The Ghosts at Grantley is a Victorian ghost story by Leonard Kip, the American lawyer and writer who lived from 1826 to 1906. Kip practiced law in Albany, New York, and wrote fiction as a sideline across several decades, producing a handful of novels and short story collections that found small but loyal audiences in the late nineteenth century.
The story belongs to the substantial American ghost story tradition that developed in the second half of the nineteenth century alongside the better known English Victorian ghost story school of Dickens, Le Fanu, and M R James. American ghost stories of the period tended to draw on the architectural and historical material that the older Eastern seaboard cities and country houses provided. Grantley itself is the imagined old country house at the centre of Kip’s narrative, with the kind of long family history and accumulated atmosphere that the genre required.
Kip handles the supernatural material with the slow patient atmospheric build that the best Victorian ghost stories worked with.
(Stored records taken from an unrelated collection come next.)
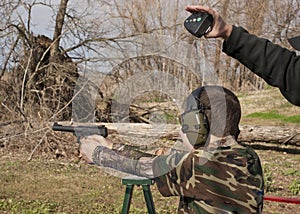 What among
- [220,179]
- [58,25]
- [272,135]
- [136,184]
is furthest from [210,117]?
[272,135]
The narrator visits Grantley as a guest of the family, gradually becomes aware that something is not right about particular rooms and particular hours of the day, and works through the long process of discovering what the house contains and what it wants from the present generation living in it. The resolution arrives quietly, without the obvious shocks that the cheaper magazine ghost stories of the period favoured.
The story is short enough to read in one sitting. Kip is not a major figure even in the second tier of American Victorian ghost story writers, but the story has stayed in print in various anthologies and collections of nineteenth century American supernatural fiction because the writing is competent and the atmosphere is well managed. Readers who enjoy F Marion Crawford, Sarah Orne Jewett’s supernatural stories, or the various Henry James ghost stories will find Kip working in similar territory.
For readers building a library of nineteenth century American ghost fiction, The Ghosts at Grantley belongs alongside Crawford’s The Upper Berth, Wharton’s later ghost stories, and the various supernatural anthologies that have collected the period’s best work.